• Your task
Retype exactly the span of lines below from the one with "Go to Advanced." through the one with "For this to". Do not include pictures.

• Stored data
____
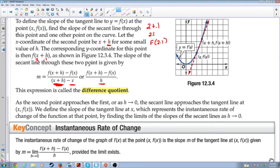Both forms are the difference quotient, but the simplified version is the standard one. As the second point approaches the first, or as h approaches zero — as the distance from x to the second point gets smaller and smaller — the secant line approaches the tangent line at (x, f(x)). We define the slope of the tangent line at x, which represents the instantaneous rate of change of the function at that point, by finding the limit of the slopes of the secant lines as h approaches zero.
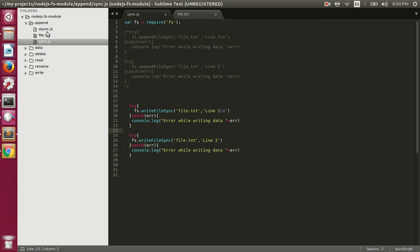A couple of important things to note about append: the default encoding is UTF-8, so even though we haven't specified it, it will be UTF-8 by default. If the file is not already present it will create that file and then write the text, as was the case with writeFile. And if it's already present, it will just append the text at the end of the file.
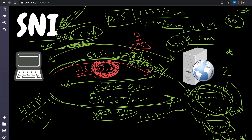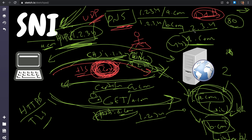ISPs also know where you're going from the unencrypted DNS request over UDP. Unless you use DNS over HTTPS (DoH), which Firefox recently enabled - though that caused issues with the DNS provider NextDNS. There is a new extension called ESNI - Encrypted SNI - which encrypts the SNI field and works together with DoH. That's it for today - a quick video about SNI technology. Let me know if you enjoy these kind of videos.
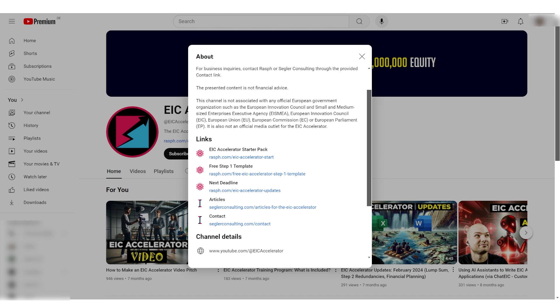So this is going to be a quick guide on how to submit a Step One application for the EIC accelerator. The first thing you're going to do is go to this YouTube channel's description and look for the link called 'next deadline.' This is where I'm always going to update the submission links.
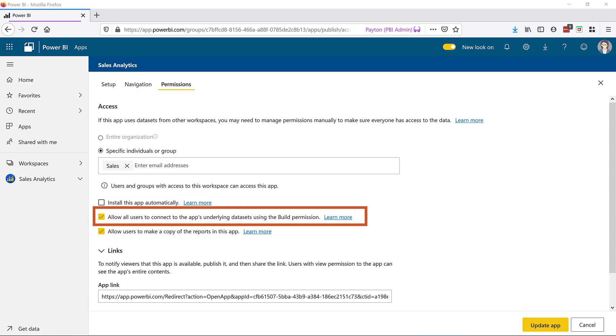There is one caveat currently with apps. If your dataset resides in a separate workspace, you'll have to adjust the dataset build permission separately because this currently only works if the dataset resides in the same workspace as the app.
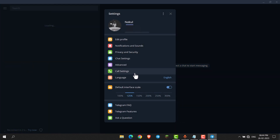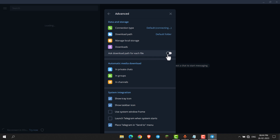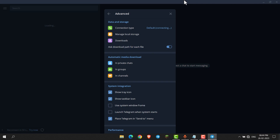Go to Advanced. Here you will get the option 'Ask Download Path for Each File'. Enable this option. Now whenever you download any file from Telegram, it will ask you to select the download path.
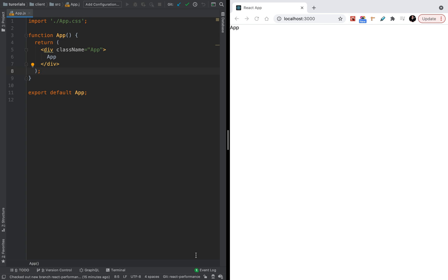Welcome to the Travels Code channel. In this video I will show you a few different techniques on how we can improve React performance. We have a simple React application and let's start from the beginning — from the problem.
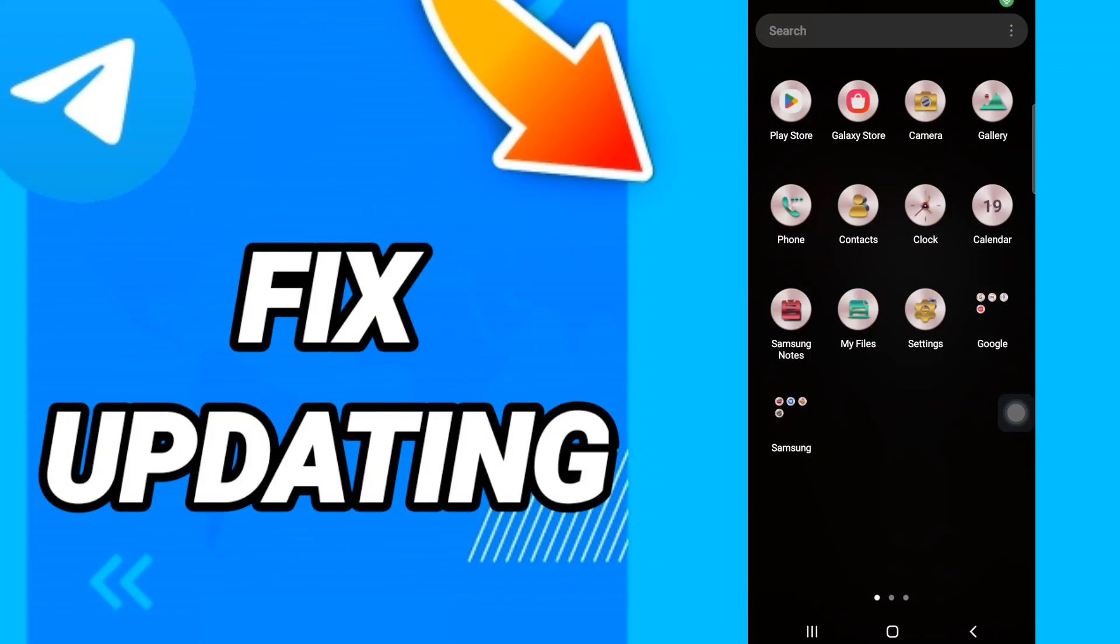Hi everyone, today we will talk about how to fix or how to solve Telegram updating. To know how to fix or solve Telegram updating, you should just go to settings like this. We will click.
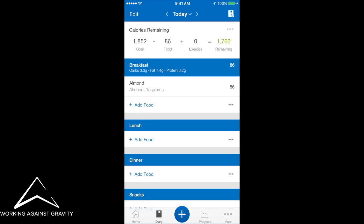If you're interested in getting a nutrition coach to help you with setting your macros for your goals, head over to workingagainstgravity.com and sign up for the program.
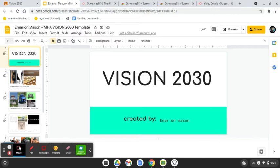Hello, my name is Martin. I attend Muskegon Heights Academy. I'm a sophomore. This is my Vision 2030 board.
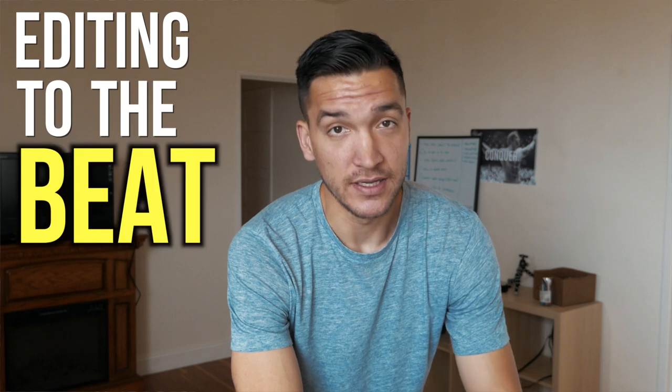What's up guys? One of the main questions I get asked a lot about is editing techniques. So today we're going to go over one of those editing techniques that I love to use. That technique is editing to the beat.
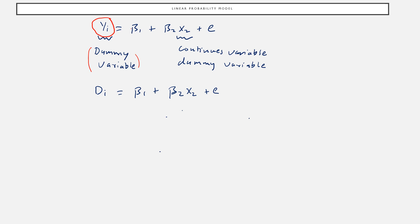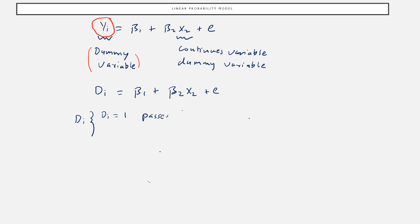For this to be a dummy variable, it has two values: zero and one. Let's take the example of whether an individual i passes a driving test or not, which depends on the driving hours — the time he practices. If he practices more, the probability of passing is high; if less, it is low. So di is a dummy variable: if individual i passes the test, di equals 1; if the individual fails the test, di equals 0.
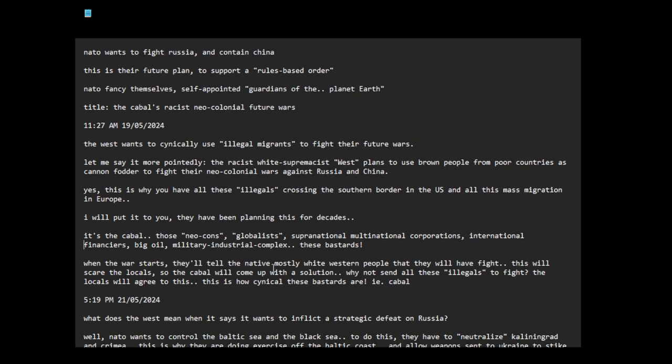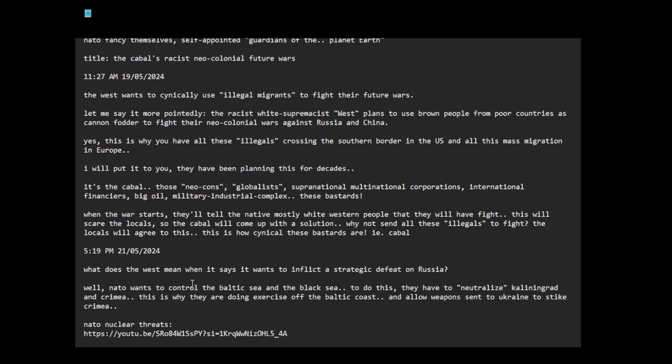When the war starts, they'll tell the native mostly white Western people that they will have to fight. This will scare the locals. So the cabal will come up with a solution: why not send all these illegals to fight? The locals will agree to this. This is how cynical these bastards are.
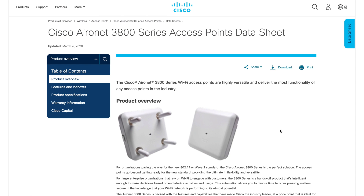Hi everyone, welcome back to my channel. My name is Jason Matthew. This is the Part 2 video that talks about how to understand the Cisco AP and how to plan the RF based on the AP model you are going to use for a new site. We'll cover what things to keep in mind for a new deployment, new country, or new site, and how to plan the right AP model for a predictive survey.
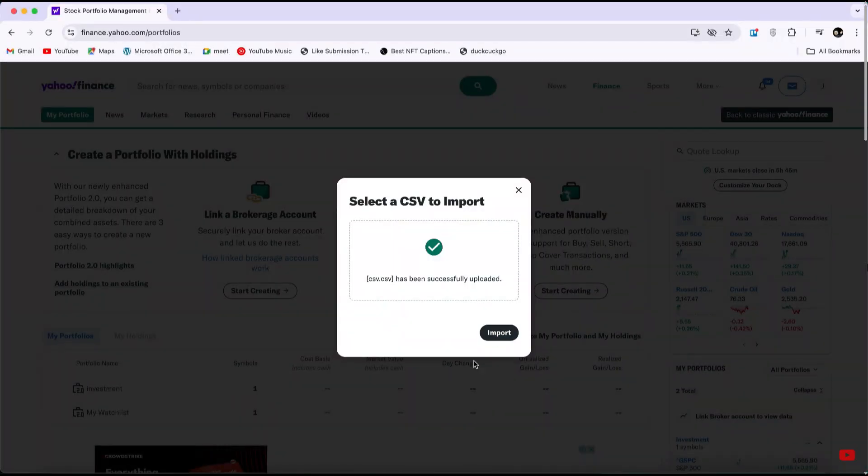So that's basically how you can import CSV into Yahoo Finance. That's it for this video. If you find this helpful, consider subscribing and giving this a big thumbs up. Thanks!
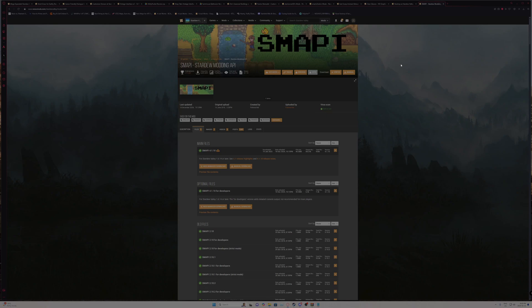Very similar to like how Vortex does it. And it should fire up and run the same as the Vortex install. And that's all you have to do to transfer it over to Stardrop.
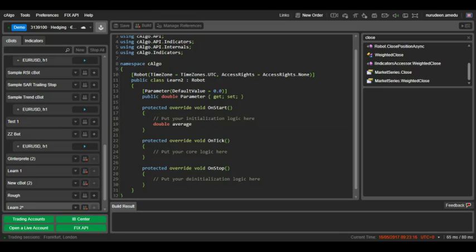Our code will be placed in the OnStart because I want the bot to only run when the C-Bot is placed on the chart. I don't want it to run repeatedly on every tick or run when the bot is removed.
____
• Solution below
Go to Advanced. Here you will get the option 'Ask Download Path for Each File'. Enable this option. Now whenever you download any file from Telegram, it will ask you to select the download path.
Welcome to the Travels Code channel. In this video I will show you a few different techniques on how we can improve React performance. We have a simple React application and let's start from the beginning — from the problem.
Hi everyone, today we will talk about how to fix or how to solve Telegram updating. To know how to fix or solve Telegram updating, you should just go to settings like this. We will click.
If you're interested in getting a nutrition coach to help you with setting your macros for your goals, head over to workingagainstgravity.com and sign up for the program.
Hello, my name is Martin. I attend Muskegon Heights Academy. I'm a sophomore. This is my Vision 2030 board.
What's up guys? One of the main questions I get asked a lot about is editing techniques. So today we're going to go over one of those editing techniques that I love to use. That technique is editing to the beat.
For this to be a dummy variable, it has two values: zero and one. Let's take the example of whether an individual i passes a driving test or not, which depends on the driving hours — the time he practices. If he practices more, the probability of passing is high; if less, it is low. So di is a dummy variable: if individual i passes the test, di equals 1; if the individual fails the test, di equals 0.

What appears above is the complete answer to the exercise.